---------- DATA ----------

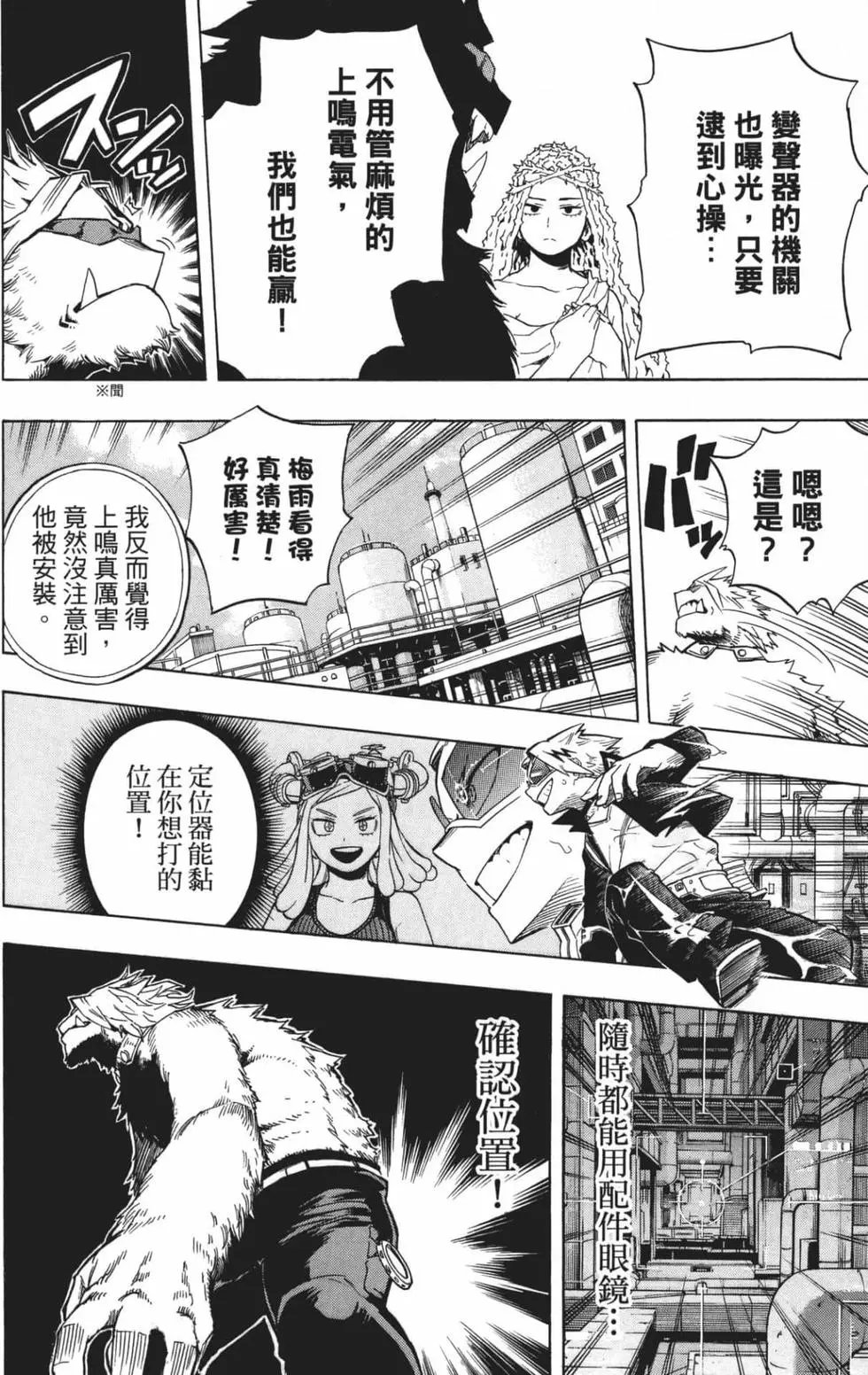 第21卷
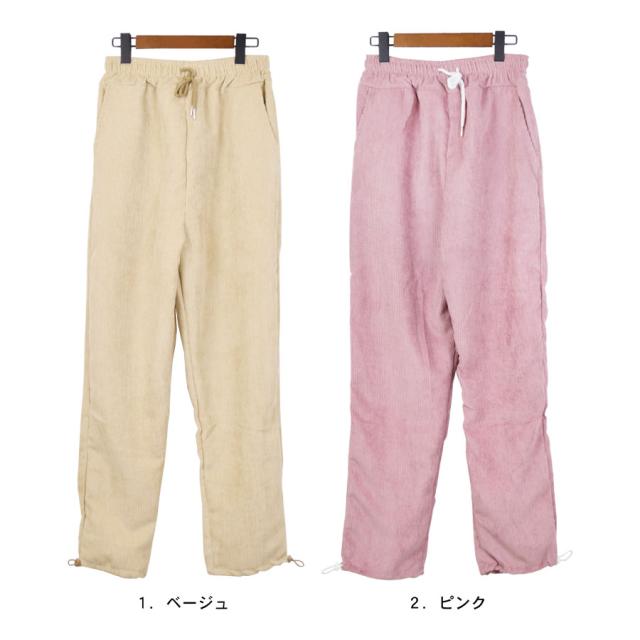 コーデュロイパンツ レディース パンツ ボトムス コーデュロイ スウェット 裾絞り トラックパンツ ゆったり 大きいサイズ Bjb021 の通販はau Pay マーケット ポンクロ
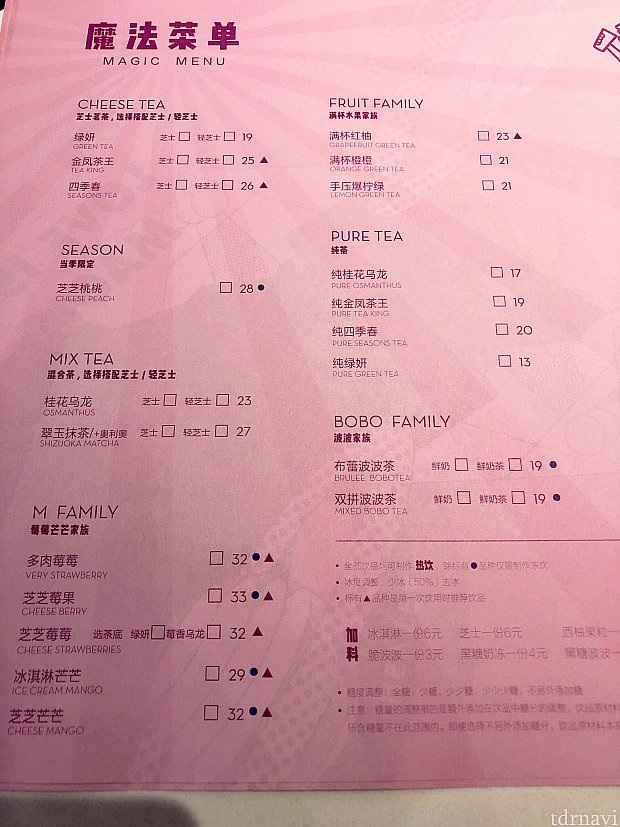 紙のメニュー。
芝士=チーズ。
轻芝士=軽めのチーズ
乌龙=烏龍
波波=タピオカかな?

----------

▶ TASK INSTRUCTIONS
Line for line, retype the material exactly, omitting any pictures.

▶ SOLVED PROBLEM
 第21卷
 コーデュロイパンツ レディース パンツ ボトムス コーデュロイ スウェット 裾絞り トラックパンツ ゆったり 大きいサイズ Bjb021 の通販はau Pay マーケット ポンクロ
 紙のメニュー。
芝士=チーズ。
轻芝士=軽めのチーズ
乌龙=烏龍
波波=タピオカかな?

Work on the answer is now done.